EXERCISE DIRECTIONS: Only the lines from the start of the data through the line containing "Industrial Narrow End Table with 3 Shelves" should be written out, exactly as they are, with both ends included and the pictures left out.
[[ DATA LISTING open ]]
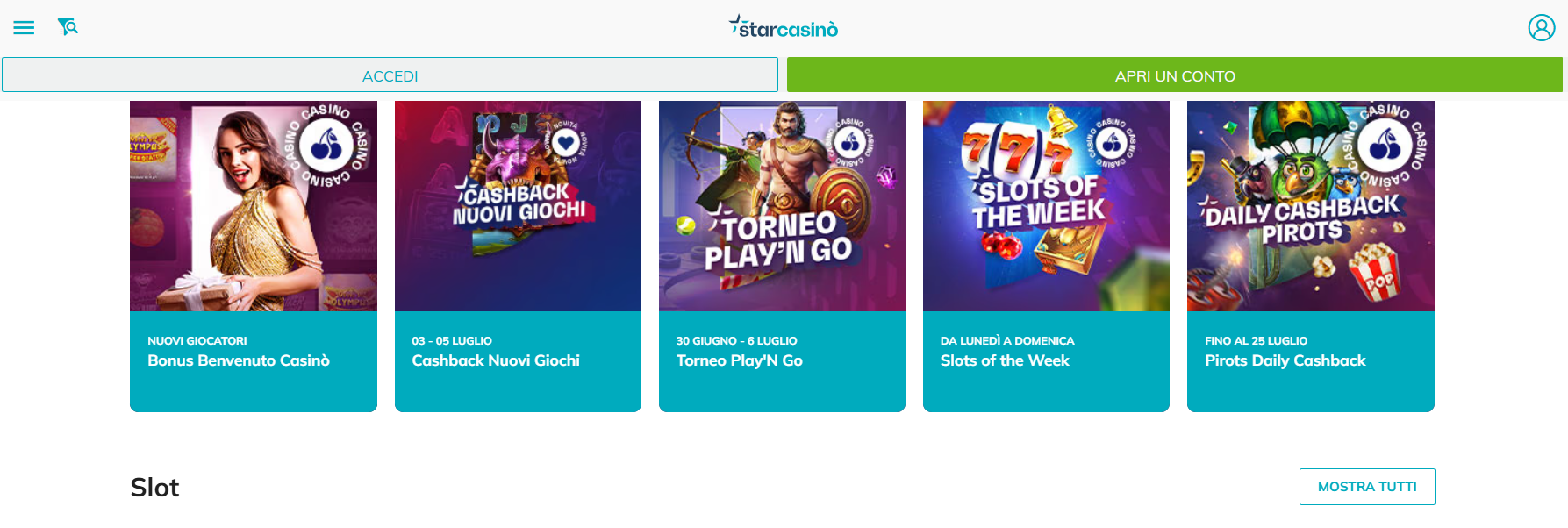 Starcasino home page - Slot e Bonus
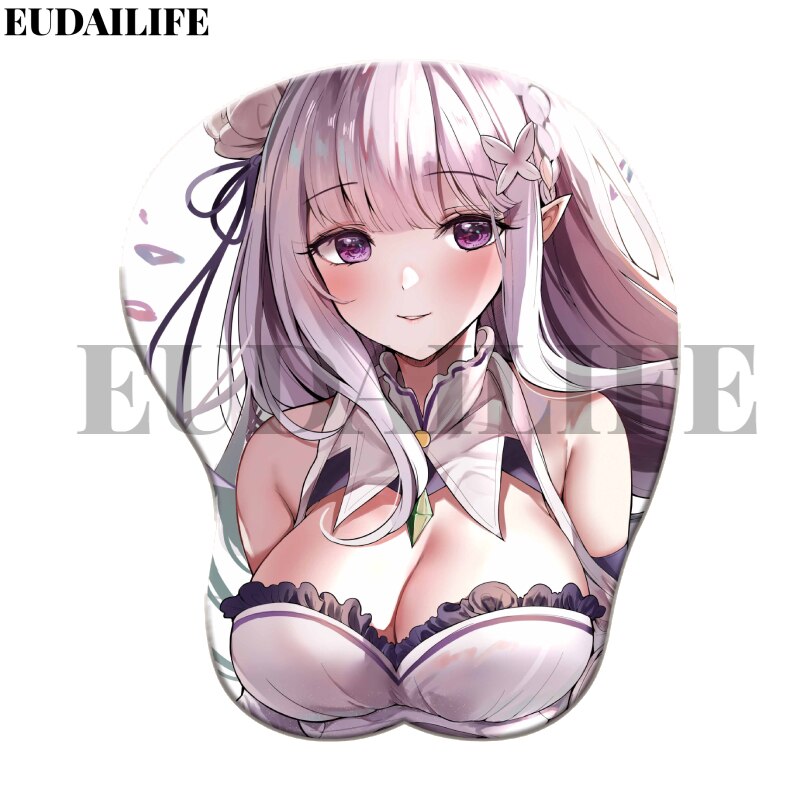 Rem Ram Emilia Re zero Anime 3D Hand Wrist Rest Mouse Pad Mousepad Silicone Breast Oppai Soft Mouse Mat Office Work Otaku Gift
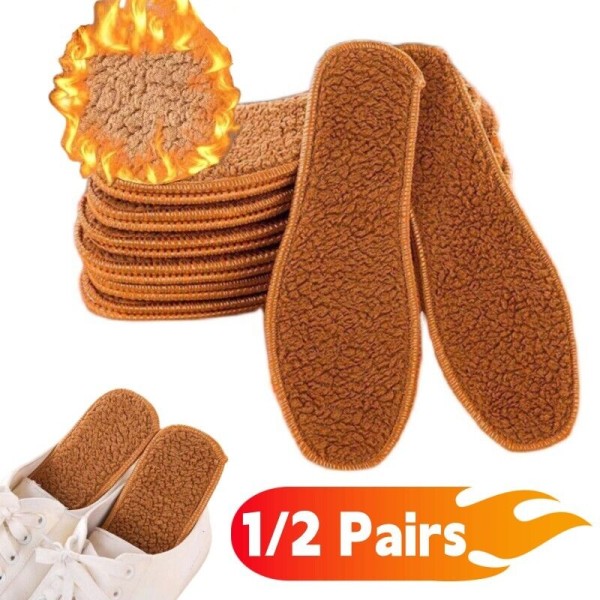 2 Pairs Winter Alpaca Wool Insoles Soft Warm Thicken Foot Thermal Shoe Insoles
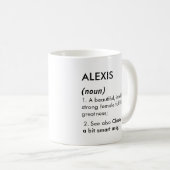 Alexis Name, Bearbeitbarer Name, Benutzerdefiniert Kaffeetasse (VorderseiteRechts)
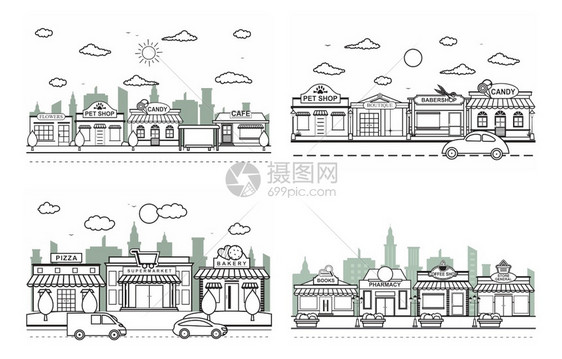 街道公路交通线条艺术概要图图片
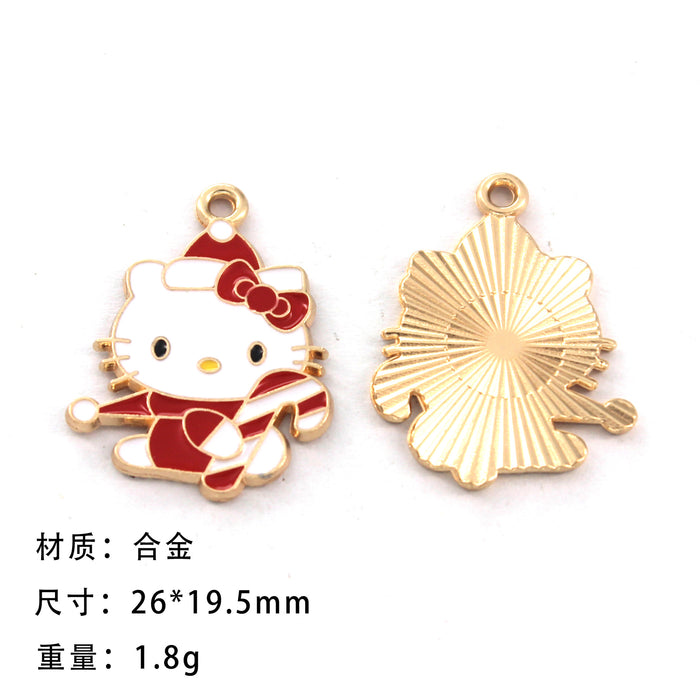 Wholesale 10pcs Cute Christmas Cat Cartoon Collection Alloy Dripping Oil  Earrings Pendant Keychain Pendant Jewelry Accessories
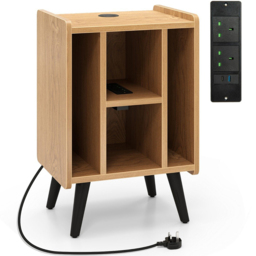 Costway 4 Open Shelf Natural Record Player Stand - thumbnail 2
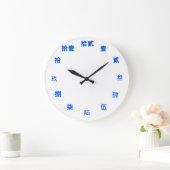 数字中国のキャラクター(青フォント) ラージ壁時計 (ホーム)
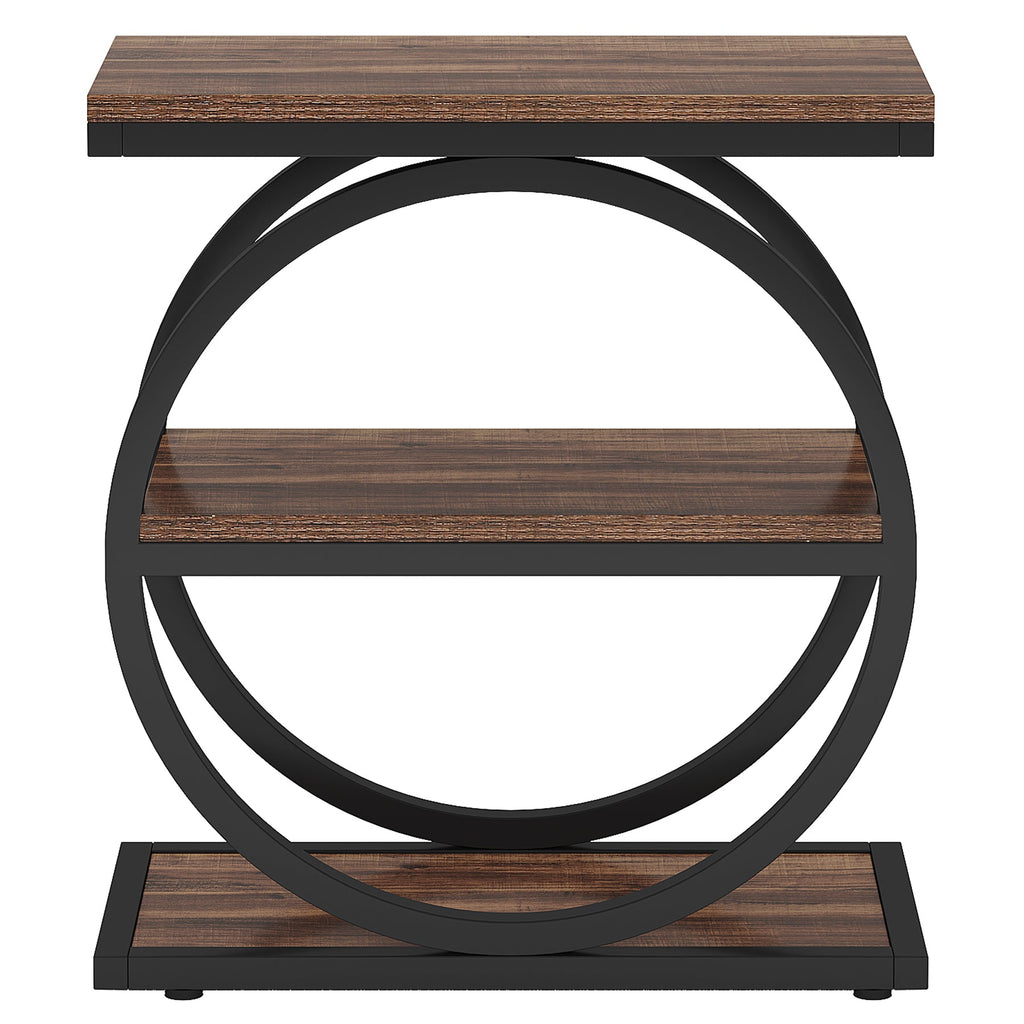 Industrial Narrow End Table with 3 Shelves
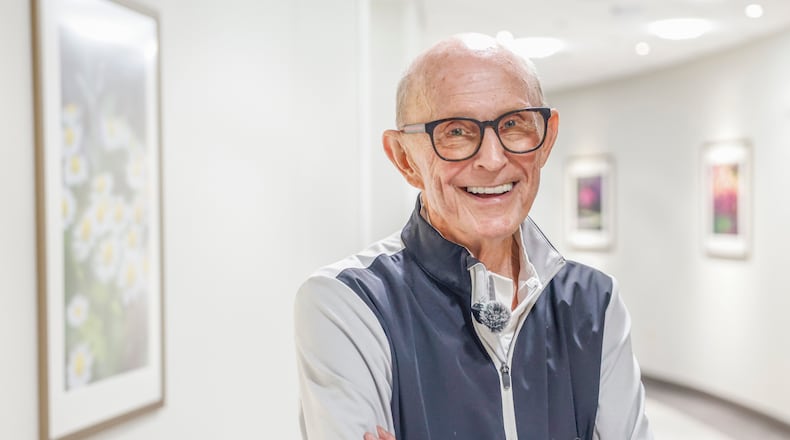 Kettering resident Pat McGohan laughs while having a conversation on Thursday, Nov. 20, 2025, at Kettering Health Main Campus. The retired businessman recently had an emergency hematoma. JOSEPH COOKE/STAFF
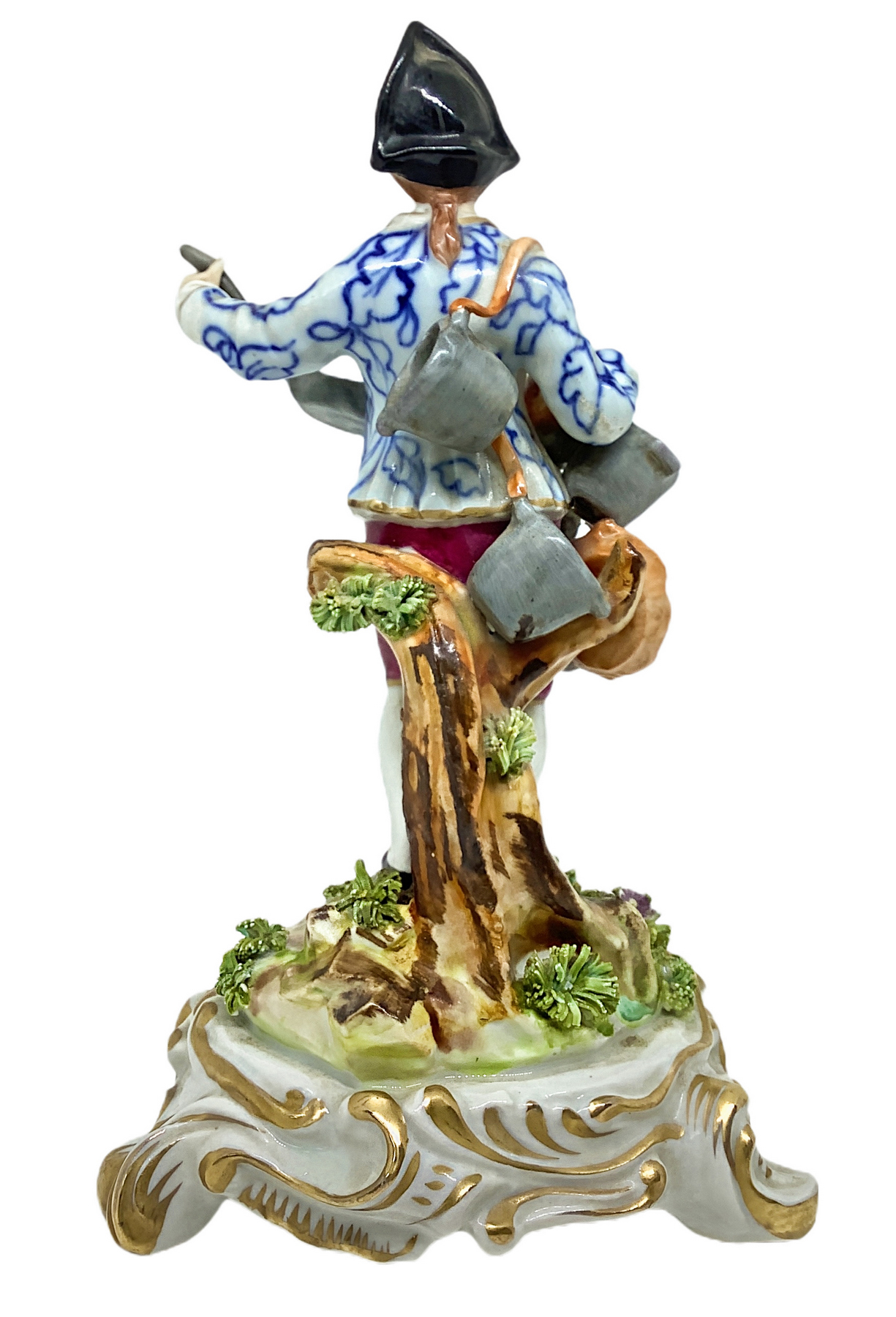 Capodimonte porcelain depicting seller of pots. Early '900. Base 10x10 cm H 20 cm - Image 7 of 8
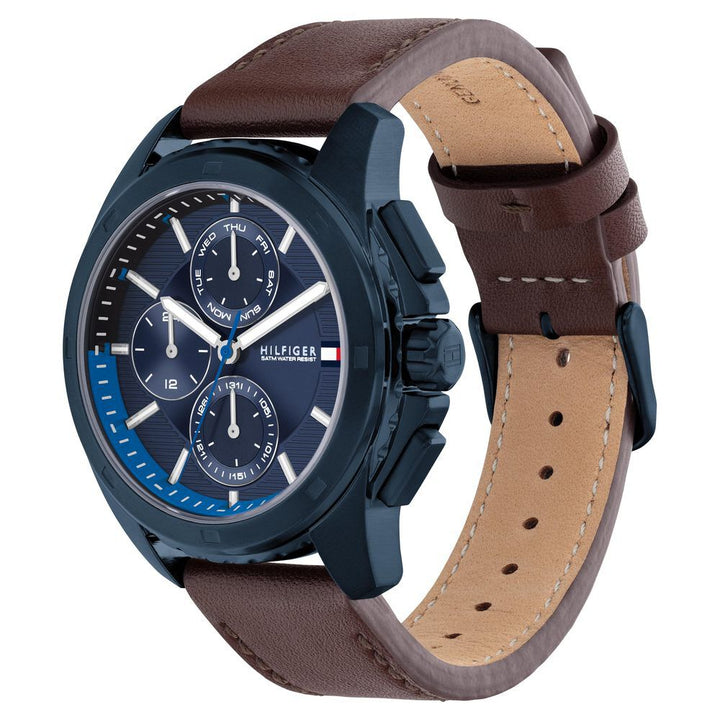 Tommy Hilfiger Multifunction Blue Dial Brown Leather Strap Watch for Men-NTTH1710632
[[ DATA LISTING closed ]]
RESPONSE:
 Starcasino home page - Slot e Bonus
 Rem Ram Emilia Re zero Anime 3D Hand Wrist Rest Mouse Pad Mousepad Silicone Breast Oppai Soft Mouse Mat Office Work Otaku Gift
 2 Pairs Winter Alpaca Wool Insoles Soft Warm Thicken Foot Thermal Shoe Insoles
 Alexis Name, Bearbeitbarer Name, Benutzerdefiniert Kaffeetasse (VorderseiteRechts)
 街道公路交通线条艺术概要图图片
 Wholesale 10pcs Cute Christmas Cat Cartoon Collection Alloy Dripping Oil  Earrings Pendant Keychain Pendant Jewelry Accessories
 Costway 4 Open Shelf Natural Record Player Stand - thumbnail 2
 数字中国のキャラクター(青フォント) ラージ壁時計 (ホーム)
 Industrial Narrow End Table with 3 Shelves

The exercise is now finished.